BEGIN Supplied material

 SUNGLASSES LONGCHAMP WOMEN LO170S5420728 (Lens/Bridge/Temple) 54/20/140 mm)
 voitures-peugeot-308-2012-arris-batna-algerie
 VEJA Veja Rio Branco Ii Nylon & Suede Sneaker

END Supplied material
BEGIN Supplied material

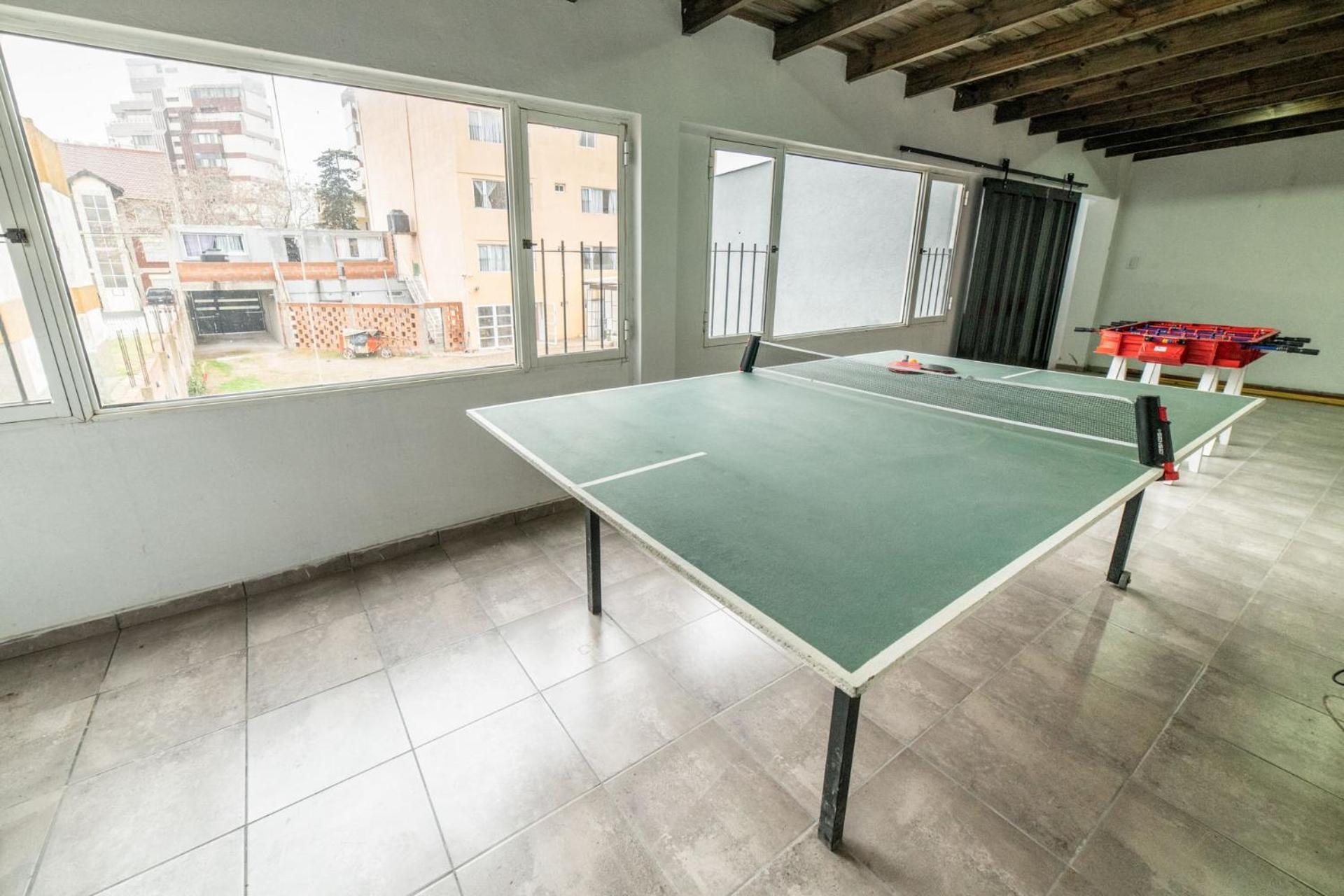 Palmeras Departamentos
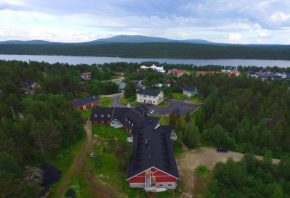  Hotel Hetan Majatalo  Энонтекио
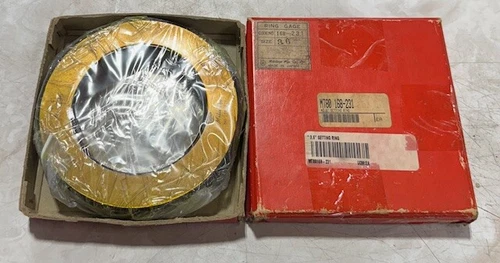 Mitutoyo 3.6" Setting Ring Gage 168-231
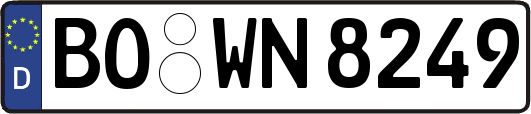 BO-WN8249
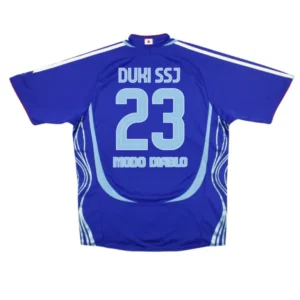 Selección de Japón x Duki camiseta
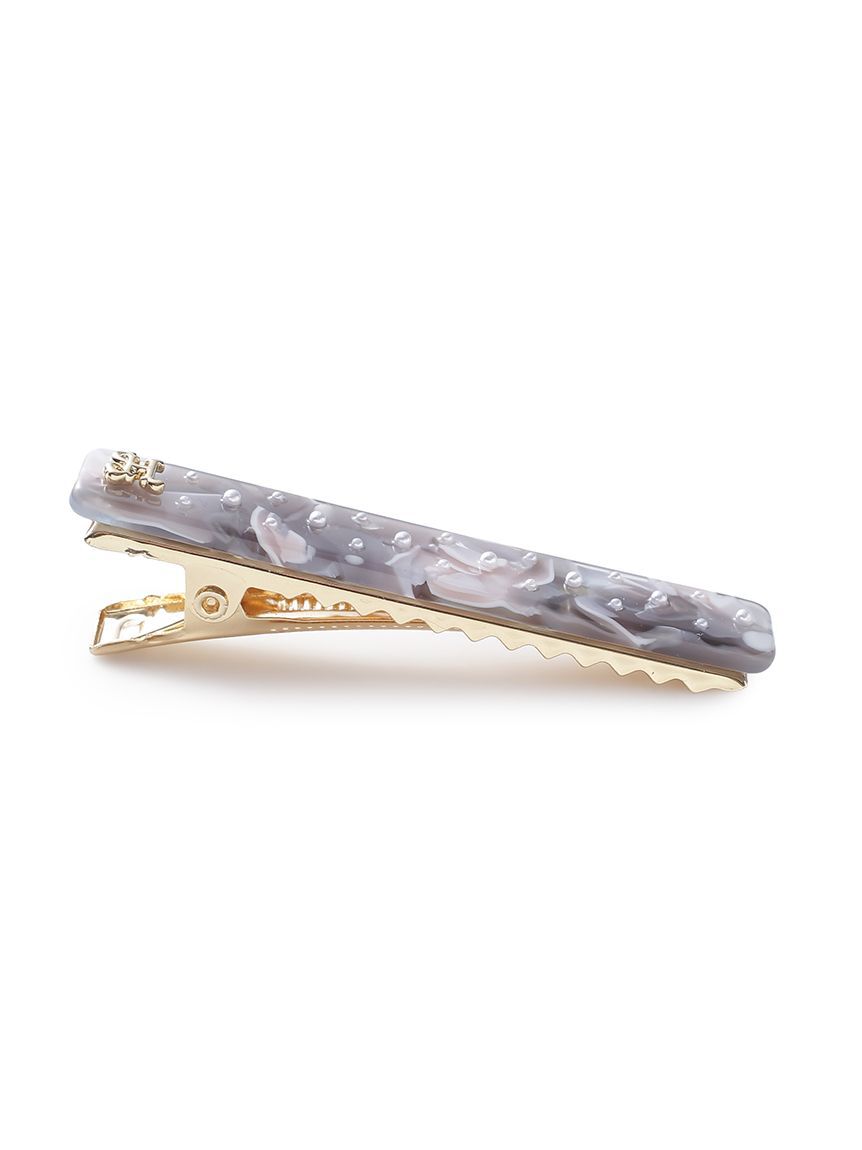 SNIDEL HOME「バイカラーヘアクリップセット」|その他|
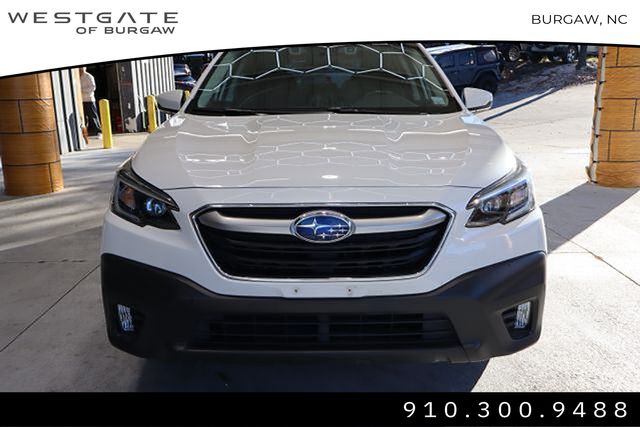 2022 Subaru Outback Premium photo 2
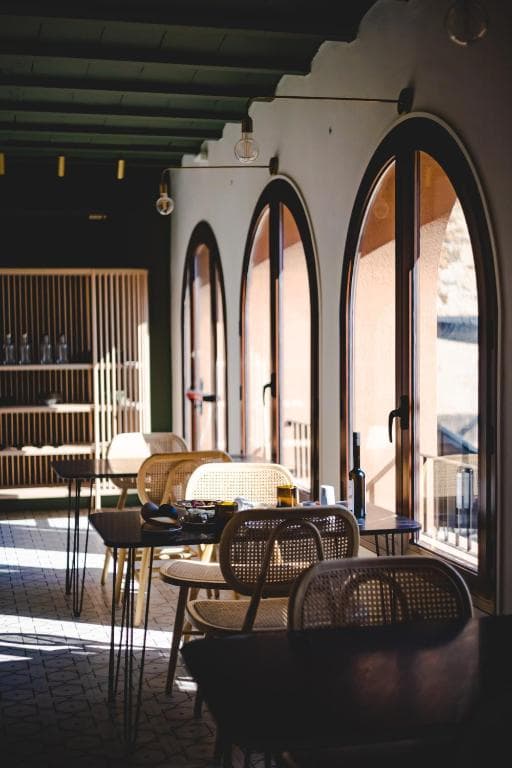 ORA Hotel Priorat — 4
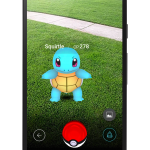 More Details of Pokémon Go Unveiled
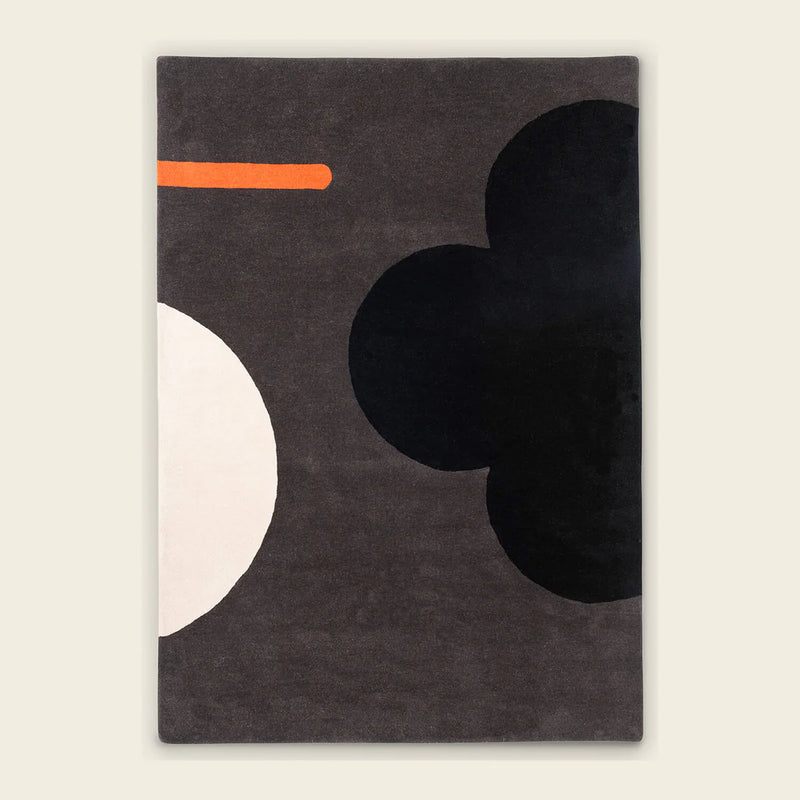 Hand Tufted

END Supplied material
BEGIN Supplied material

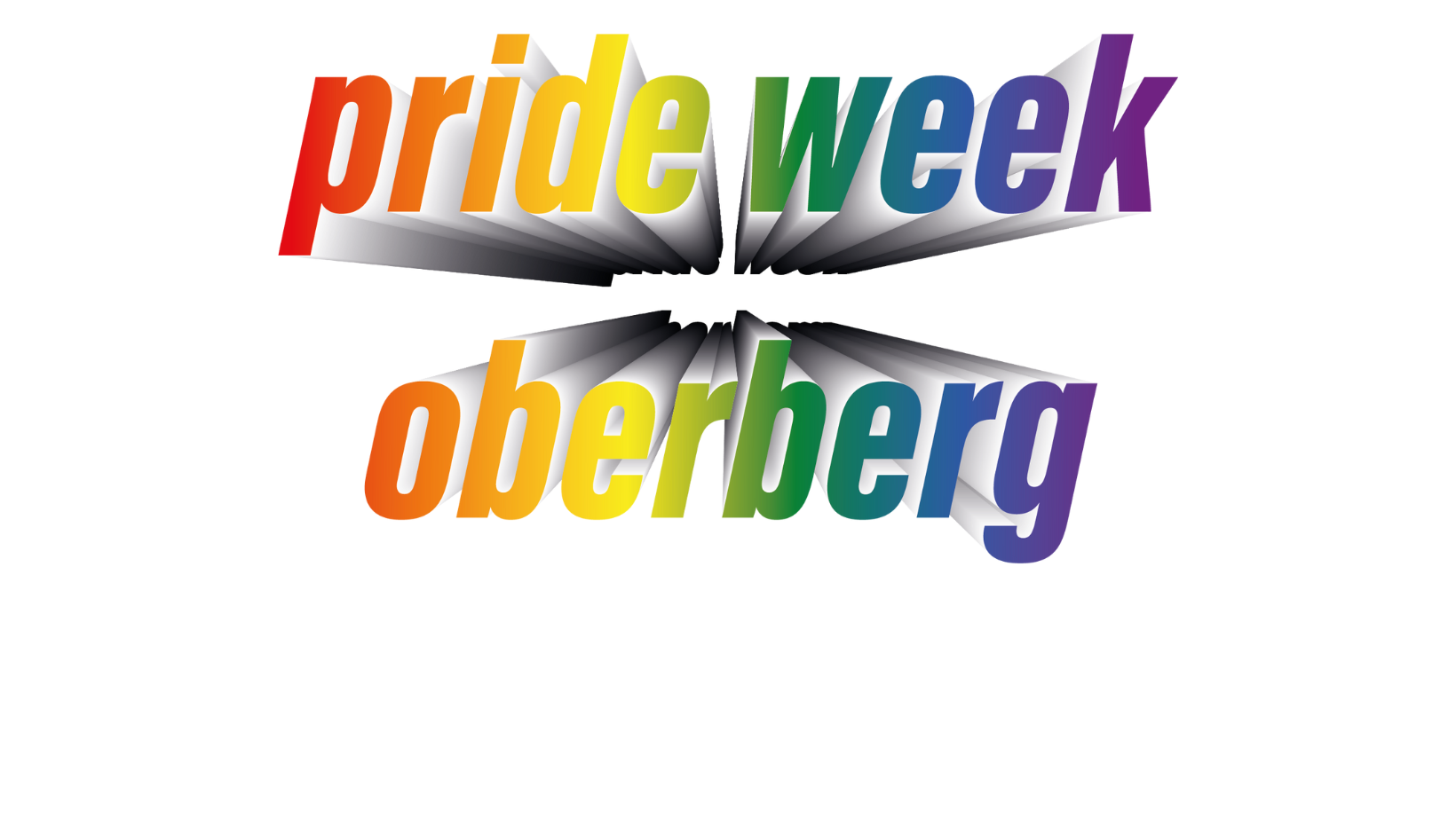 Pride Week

END Supplied material

→ **Task objective**:
Print exactly, with no pictures, the lines above from the one that holds "More Details of Pokémon Go Unveiled" through the one that holds "Hand Tufted", both of them included.

→ **Result for this task**:
 More Details of Pokémon Go Unveiled
 Hand Tufted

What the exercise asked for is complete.